Hong Kong's a different situation, of course. But even in Beijing, people were still optimistic about five or six years ago. Don't think that's been possible, even for the most congenitally sunny, for quite some time now.
posted by bokane at 4:23 AM on January 10, 2016 [3 favorites]


Bokane, are you speaking of the political environment or the actual (like, clean air) environment? Or both?
posted by blueberry at 5:35 AM on January 10, 2016


Both, really -- the lousy environment environment probably would've been a lot more tolerable if the government hadn't started getting crackdown-crazy around early 2011 in response to the Arab Spring.
posted by bokane at 7:02 AM on January 10, 2016


Was it the Arab Spring that triggered all this off? I vaguely thought it had something to do with Xi Jinping's personal agenda and things became definitively worse when he took over, but I don't know.
posted by Aravis76 at 7:19 AM on January 10, 2016 [1 favorite]

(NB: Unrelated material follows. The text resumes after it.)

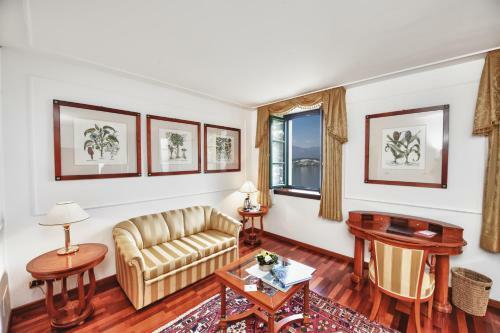 Hotel Relais Casali Della Cisterna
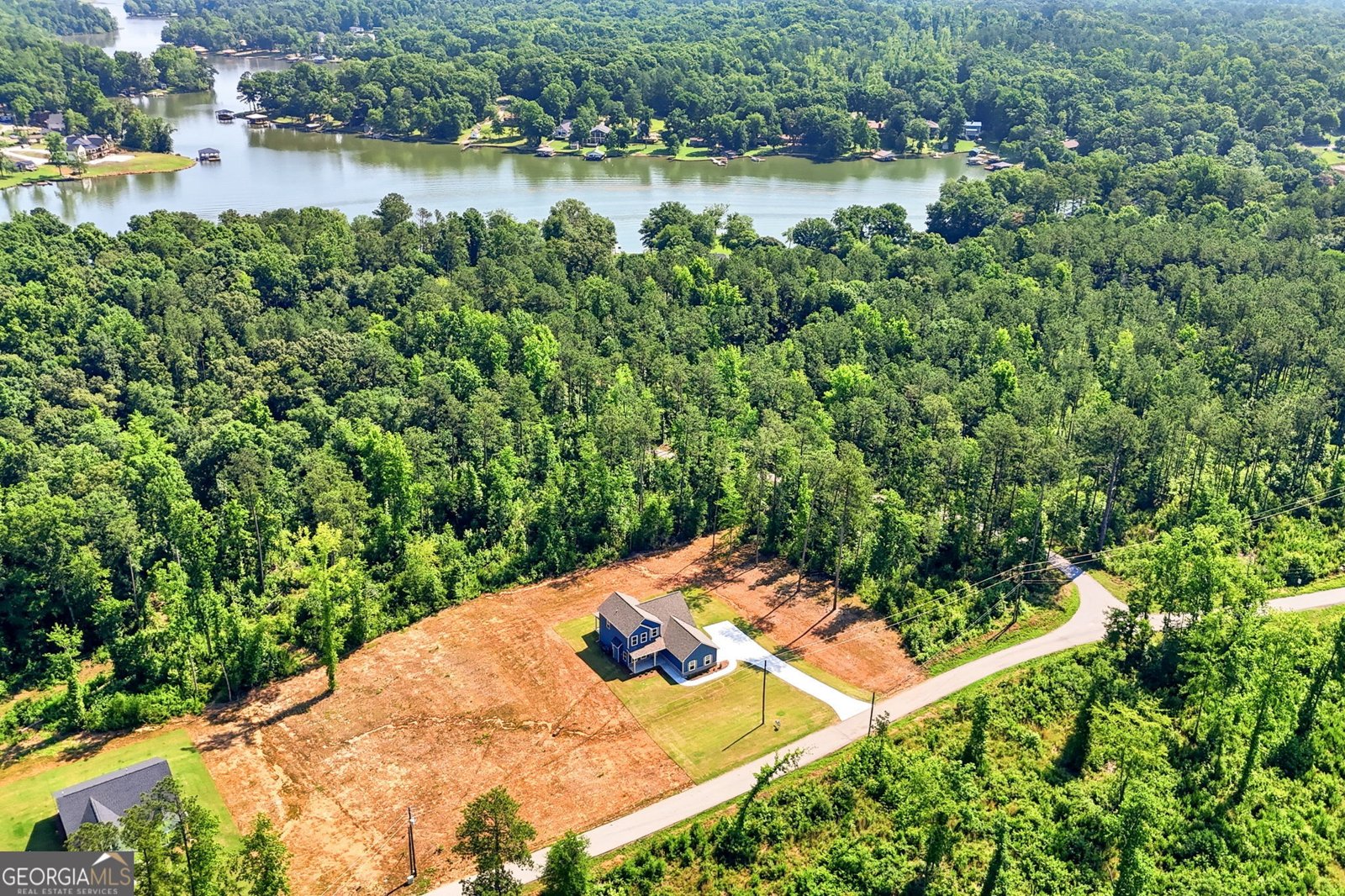 335 Yancey Road Covington - Photo 38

> Thanks for putting this post together.

From me as well; I'd been wanting to know more about this. Great post.
posted by languagehat at 8:30 AM on January 10, 2016


So basically what happened was Beijing took a huge dump on Hong Kong Basic Law and flush it down the toilet.
posted by Carius at 9:09 AM on January 10, 2016


Xi Jinping definitely came in with his own agenda, but some of the crackdowns started before him: my reading is that the Arab Spring was seen in China as a case of the sort of color revolution that the US (aka unspecified "hostile foreign forces") was hoping to foment and support via social media properties. So there was about a two-week period during that time (February/March 2011, if memory serves) where the international internet was very nearly unusable, even with a VPN. Monitoring and blocking got stepped up very noticeably afterward.
posted by bokane at 10:07 AM on January 10, 2016 [3 favorites]


Last night I could hear the protests going on from my apartment. I tend to stay away from the protests myself, so that the protests can't be blamed on western influence. (During Occupy, this was a thing-- pictures of white faces would be spread as "evidence" of foreign agents inciting the crowds.)
posted by frumiousb at 5:27 PM on January 10, 2016 [4 favorites]


An update, of sorts. Needless to say, nobody in Hong Kong believes it.
posted by frumiousb at 9:31 PM on January 17, 2016


It's a bloody travesty. The ccp are so ham fisted.